We are encountering two issues with our existing NVIDIA Orin Nano development board.
First, we intended to reconfigure the original PCIE C7 from an x2 lane to two separate x1 lanes (C7 and C9). After splitting the lanes, the system fails to boot when an NVMe drive is inserted into the original M.2 slot. Below is a breakdown of the modifications we have implemented.

Second, on our custom-designed carrier board, we modified the DP signals in the pinmux table to HDMI signals. However, there is no HDMI output after re-flashing the firmware.
Could you advise which critical steps we may have omitted for both of the above scenarios?
Let’s just focus one topic here.

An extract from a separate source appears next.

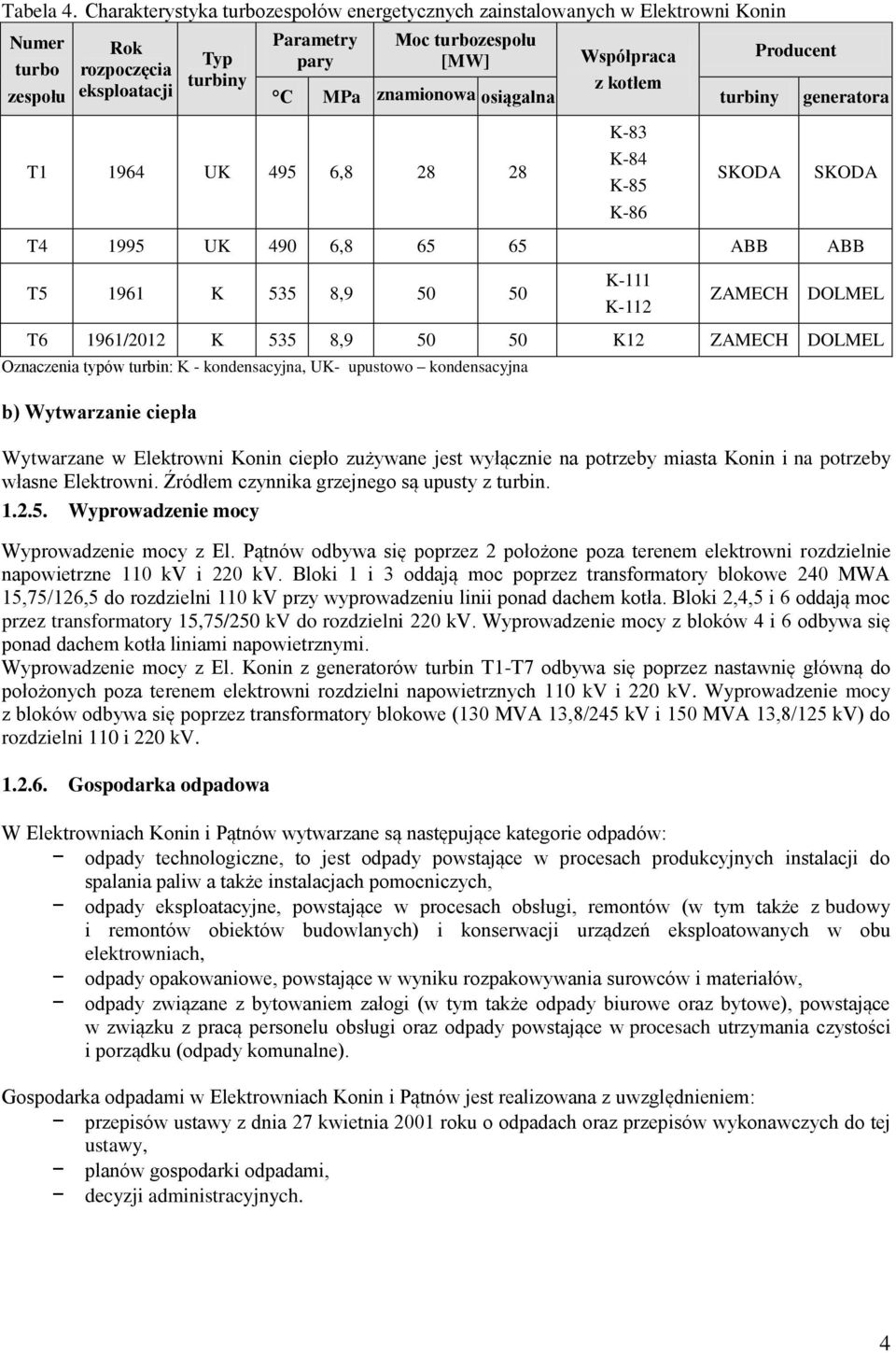 z kotłem C MPa znamionowa osiągalna turbiny generatora T1 1964 UK 495 6,8 28 28 K-83 K-84 K-85 K-86 SKODA SKODA T4 1995 UK 490 6,8 65 65 ABB ABB T5 1961 K 535 8,9 50 50 K-111 K-112 ZAMECH DOLMEL T6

Please file another topic for your HDMI issue.
For PCIe C7+C9, please also check developer guide to modify ODMDATA before flash.
We have added the line ODMDATA=“gbe-uphy-config-9,hsstp-lane-map-3,hsio-uphy-config-0”; to the flashing configuration file Jetson-orin-nano-devkit.conf in accordance with the Developer Guide.
What is the NVMe in use here? Which PCIe controller is that?
Do you have full UART log to share?
We are still using the original NVMe SSD to mount the Ubuntu system, and the NVMe drive remains installed in the original x2-lane M.2 slot. The system boots straight into the UEFI Shell when debugging, and the full debug logs are provided below.
debug(1).txt (40.3 KB)
What is the purpose to do C7 to C7+C9 on the Orin Nano devkit? It sounds not quite meaningful.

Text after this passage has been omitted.